-------- Input data

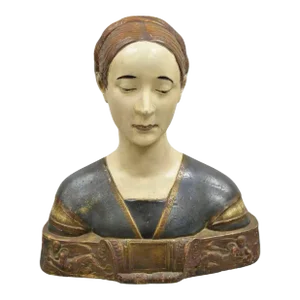 Vintage Polychrome Plaster Bust Ippolita Maria Sforza Statue Renaissance Style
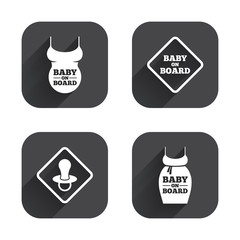 Baby on board icons. Infant caution signs.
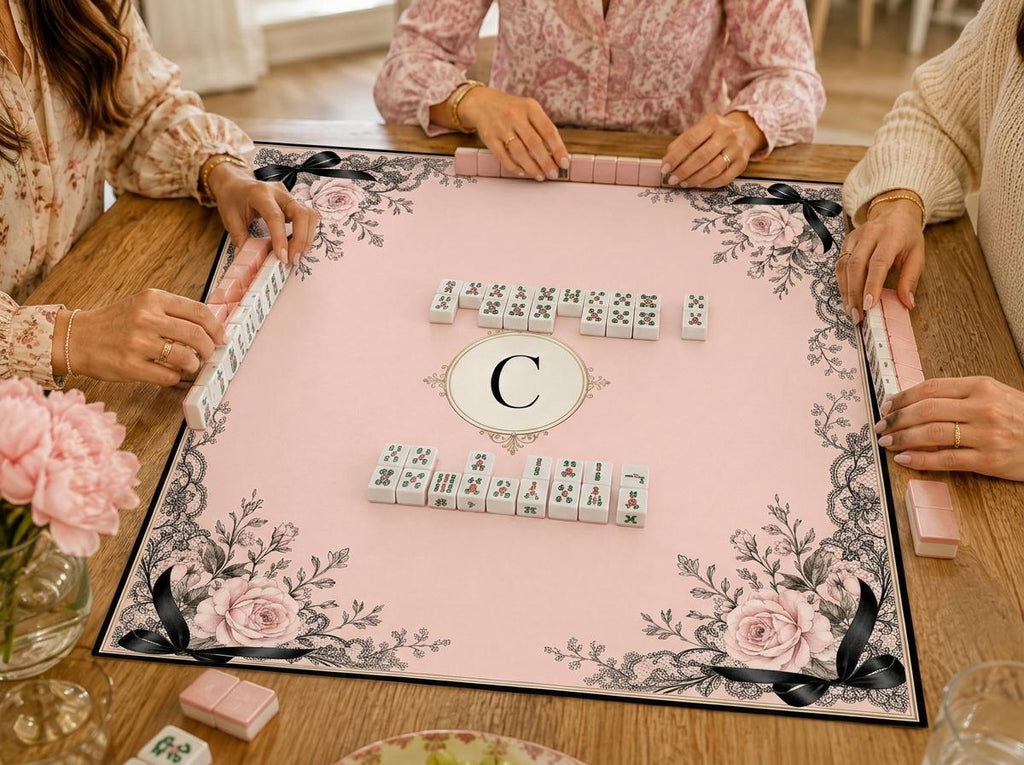 Pink Lace Mahjong Mat, Black Bow Rose Monogram Design, Personalized Gift, 31.5 Inch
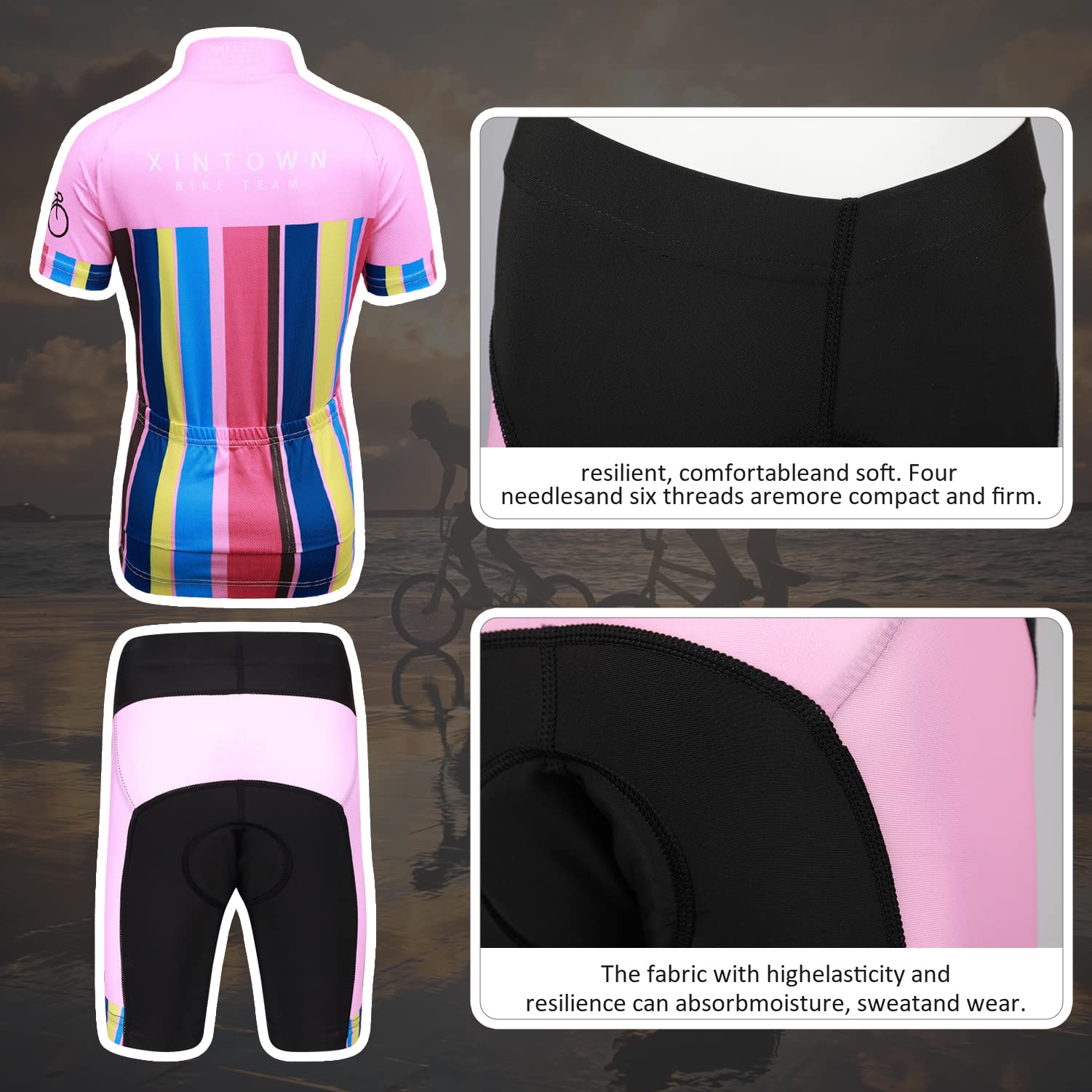 Enfant Garçon Fille Maillot de Cyclisme Manches Courtes et Cuissard de Cycliste Combinaison Cycliste pour Unisex Enfants Séchage Rapide VTT Eté
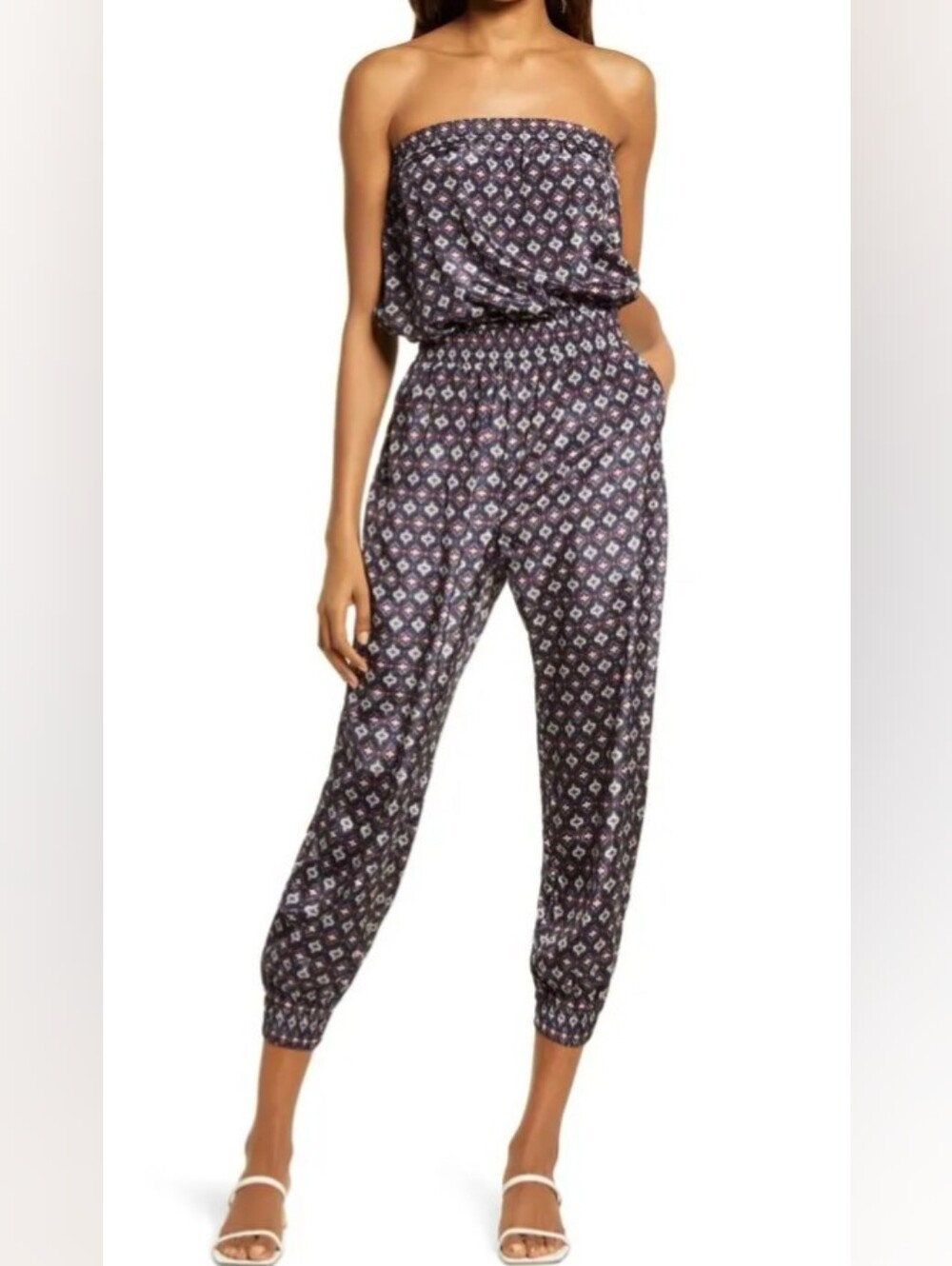 Bishop + Young Pia Strapless Jumpsuit Boho Festival Satin size Medium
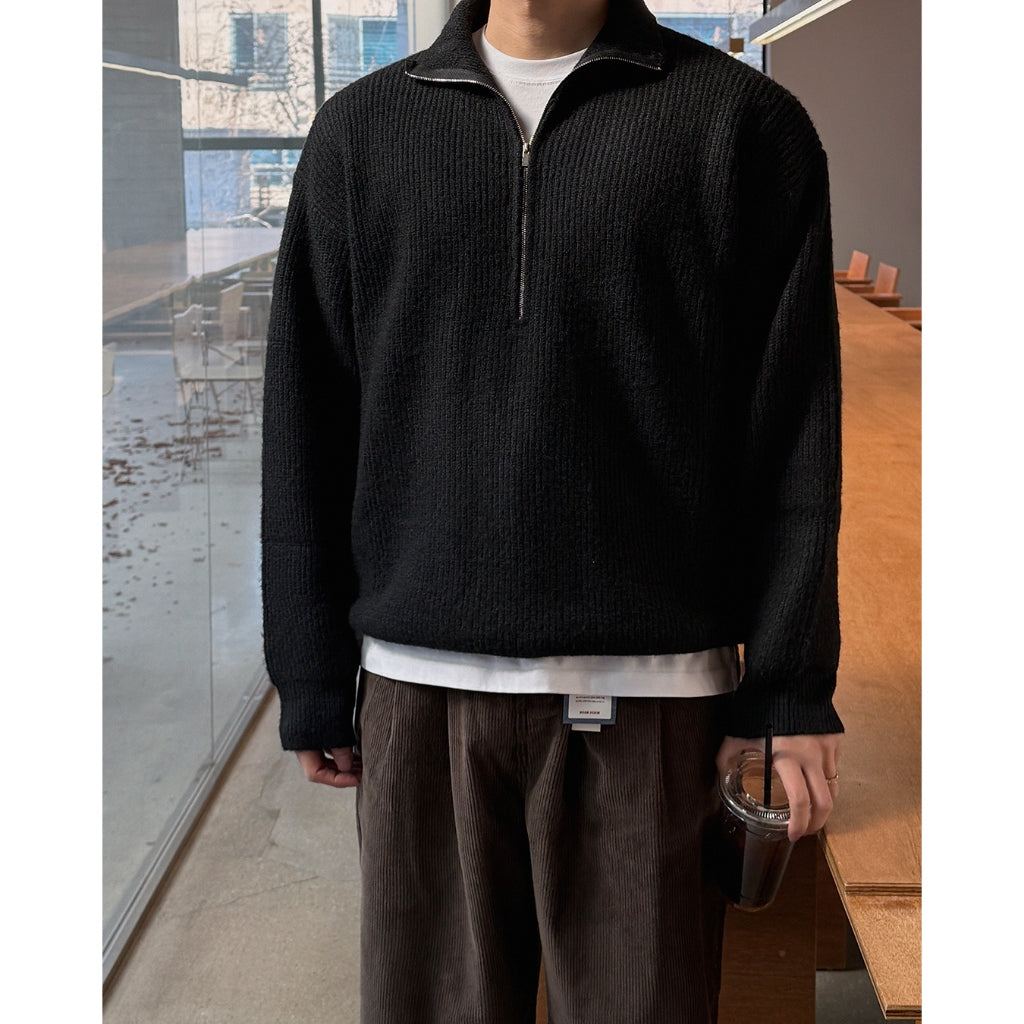 【Metanoia】韓國設計 5%羊毛半拉鍊針織衣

----------------

| Goal of the exercise |
Take the line containing "Bishop + Young" and every line after it to the end of the records, and restate them verbatim, with no pictures.

| Task response |
 Bishop + Young Pia Strapless Jumpsuit Boho Festival Satin size Medium
 【Metanoia】韓國設計 5%羊毛半拉鍊針織衣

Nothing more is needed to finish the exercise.